In his petition he alleged that he brings the action in timely fashion pursuant to § 537.046, RSMo 1994, in that, for purposes of that statute he did not discover the abuse until October 1990. The contention that the action was timely filed is premised upon his allegation that the cause of action did not accrue until plaintiff was capable of ascertainment of his damages under § 516.100 and also because of the repression of memory he was mentally incapacitated until September 1990 pursuant to § 516.170.
Plaintiff's allegation of October, 1990, as the date when the cause of action accrued differentiates this case from Sheehan v. Sheehan, 901 S.W.2d 57 (Mo. banc 1995) wherein the petition was silent on accrual date.
Section 537.046 became effective on August 28, 1990, and provides:
2. In any civil action for recovery of damages suffered as a result of childhood sexual abuse, the time for commencement of the action shall be within five years of the date the plaintiff attains the age of eighteen or with three years of the date the plaintiff discovers or reasonably should have discovered that the injury or illness was caused by child sexual abuse, whichever later occurs.
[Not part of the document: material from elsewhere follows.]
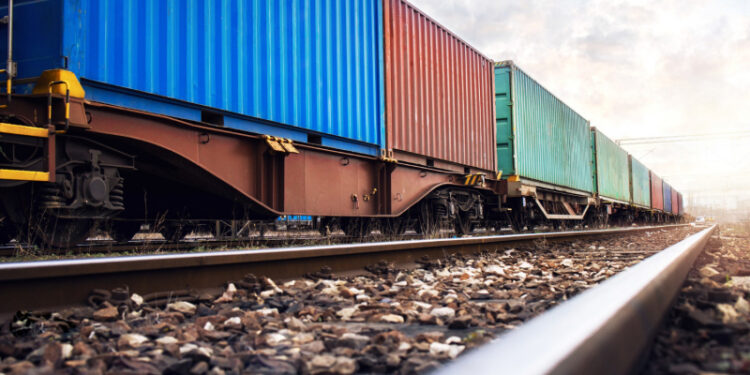 Kazakhstan-China rail freight sees strong growth in 1Q2026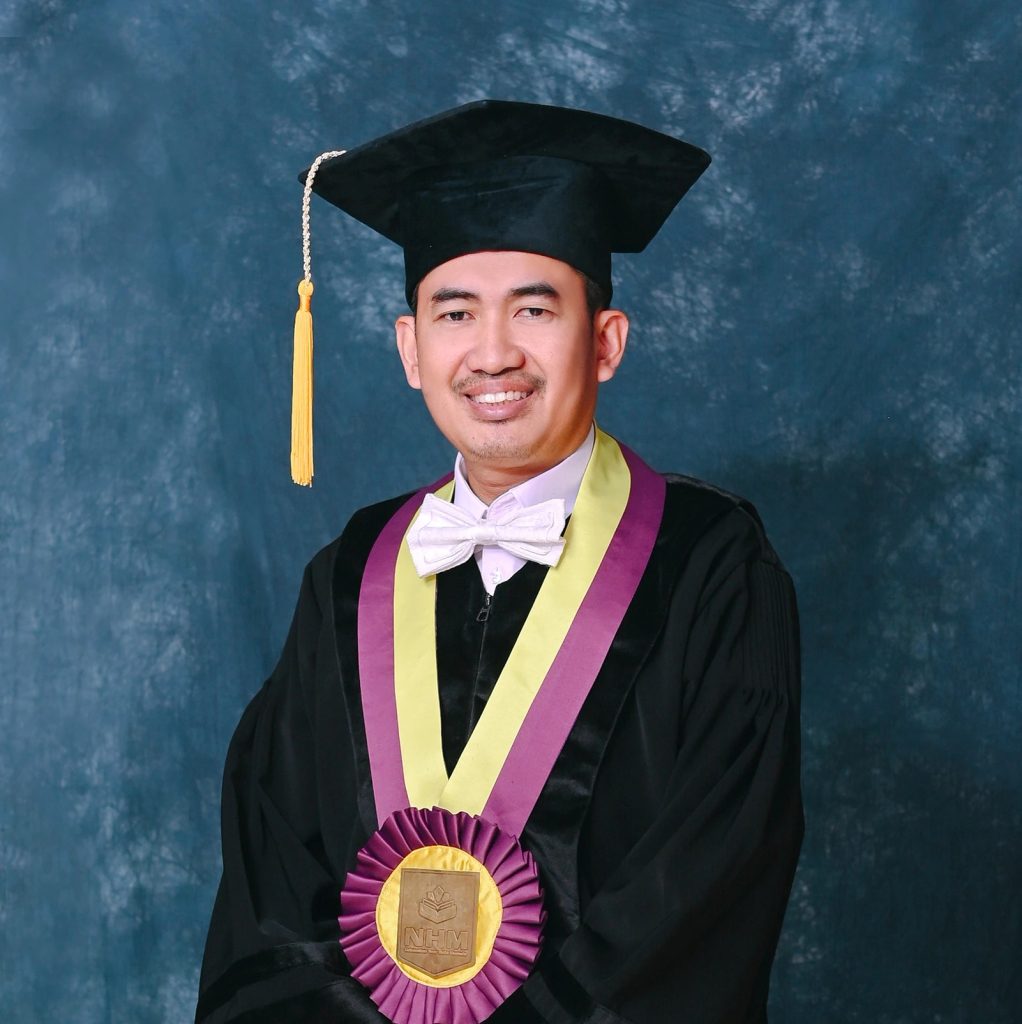 Prof. Dr. Muhammad Hasinuddin SKep Ns MKep, an alumnus of UNAIR’s master’s and doctoral programs and Rector of Universitas Noor Huda Mustofa Madura (Photo: By courtesy)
The suit here was filed when plaintiff was 38 years old, well beyond the five years after age eighteen set forth in the statute. It was also filed more than three years after the admitted date when plaintiff was aware he had a cause of action, October 1990. Plaintiff attempts to overcome the latter problem by his allegation that he originally filed this action on August 26, 1993, which case was voluntarily dismissed without prejudice with leave to refile on September 29, 1993. He invokes the provisions of § 516.230 allowing one year after a non-suit to bring another action as tolling the statute in this case. The difficulty with that contention is that § 516.230 provides that it applies to actions commenced within the times respectively prescribed in sections 516.010 to 516.370. Section 537.046 is obviously not within those described sections. There is no tolling or savings provision similar to § 516.230 which applies to § 537.046. This may have been an oversight of the general assembly, but we cannot assume that it was. It may well have been a conscious decision that the extended time for filing suit contained in § 537.046 was sufficient and did not need a further savings provision. Regardless, the language of the statutes is clear and § 516.230 is not applicable to § 537.046.
The discovery provision of § 537.046 is worded differently than the "capable of ascertainment" language found in § 516.100. Whether the provisions are different in fact has not been decided at this point But it is to be noted that neither § 516.100 nor § 516.170 apply to § 537.046 as each by express language is limited to "sections 516.100 to 516.370".
Judgment affirmed.
GARY M. GAERTNER and RUSSELL, JJ., concur.